Representation, Intersectional Feminism & Food – Why I Said Yes to TV
It was something I debated, silently but constantly. Voluntarily choosing to be on television was a decision I did not take lightly. Each time we proceeded to the next stage of the Million Pound Menu process, I trembled with fear, picturing the final. Why would I want to challenge myself so gruellingly, and further, before a national audience? Was I ready? Nah. Was Devi’s ready? Definite nah. But with eyes on the prize, I took a leap of faith, knowing that otherwise, I’d regret it entirely.
After the penultimate round, Devi’s was chosen to head to Manchester. I was elated and felt an immense sense of pride. I’d seldom felt the warmth from people’s support envelope me like it did when I told them that we had made it to the finals. How quickly fear vanished, and into the dark, beamed an overwhelming ray of excitement.

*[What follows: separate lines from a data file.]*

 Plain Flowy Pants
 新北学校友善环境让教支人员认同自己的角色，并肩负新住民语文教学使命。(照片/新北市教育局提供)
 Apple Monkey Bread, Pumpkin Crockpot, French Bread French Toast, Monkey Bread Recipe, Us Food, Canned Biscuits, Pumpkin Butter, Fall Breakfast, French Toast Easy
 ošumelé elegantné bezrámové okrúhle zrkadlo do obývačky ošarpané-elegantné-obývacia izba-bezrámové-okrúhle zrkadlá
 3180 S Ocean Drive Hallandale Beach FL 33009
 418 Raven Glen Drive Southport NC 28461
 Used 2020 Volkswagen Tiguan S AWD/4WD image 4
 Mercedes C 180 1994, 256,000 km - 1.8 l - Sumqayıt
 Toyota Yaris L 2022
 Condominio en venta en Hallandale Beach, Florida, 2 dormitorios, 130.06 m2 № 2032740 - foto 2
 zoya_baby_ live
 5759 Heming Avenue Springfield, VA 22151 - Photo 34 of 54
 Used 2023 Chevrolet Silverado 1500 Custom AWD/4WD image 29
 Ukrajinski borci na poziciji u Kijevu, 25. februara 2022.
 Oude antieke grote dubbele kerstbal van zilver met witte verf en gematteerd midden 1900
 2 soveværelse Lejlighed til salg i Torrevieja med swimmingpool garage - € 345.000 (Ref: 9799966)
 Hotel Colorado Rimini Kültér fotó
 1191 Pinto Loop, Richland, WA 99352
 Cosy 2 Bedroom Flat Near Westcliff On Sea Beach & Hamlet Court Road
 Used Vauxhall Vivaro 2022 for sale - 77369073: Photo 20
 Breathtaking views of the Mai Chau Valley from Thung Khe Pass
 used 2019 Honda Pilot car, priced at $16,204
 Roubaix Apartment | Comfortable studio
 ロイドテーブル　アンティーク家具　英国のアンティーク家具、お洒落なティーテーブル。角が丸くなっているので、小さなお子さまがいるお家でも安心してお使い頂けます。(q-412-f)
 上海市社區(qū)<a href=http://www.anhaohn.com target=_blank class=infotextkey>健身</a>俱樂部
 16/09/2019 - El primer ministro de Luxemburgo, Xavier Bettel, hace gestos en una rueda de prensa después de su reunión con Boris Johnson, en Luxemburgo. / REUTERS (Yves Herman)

But just like that, ever so swiftly, excitement diminished and dread arrived. An obtrusive thought emerged and circled my mind frequently. What if I was just a box ticking exercise?
As a person of colour, you are sometimes faced with paranoid smog shrouding your achievements. You question why YOU were chosen. At the back of my mind, rooted in apprehension, I began to feel pangs that I had not succeeded on merit alone, but, rather, to merely satisfy a gender quota, or moreover, a racial one.
Insecure? Perhaps. I decided (quite firmly) that I was going to move forward with the show, occupying the space the best I could, and, well, owning it, irrespective of the anxieties of how I got there. There was a team to recruit, a menu to throw together and a restaurant to run for investors. The bhajis, as the old adage goes, were not going to fry themselves.
Championing diversity is something British television has continuously failed at. Through tokenism, people of colour are regularly an afterthought, an add-on, and to be frank, it was exactly this, I was afraid I had become. The British Asians we’ve seen on telly have fallen under the ‘British Asian Community’, too often being lumped under the same umbrella term, denoting one uniform brown experience. Speaking about the BBC’s Big British Asian Summer series, BBC Commissioner Tom McDonald said “there is not one single British Asian experience nor one British Asian voice to represent all experiences”. Then why, I asked myself, when it comes to TV, are we as south Asians, almost always a pastiche of entrenched stereotypes?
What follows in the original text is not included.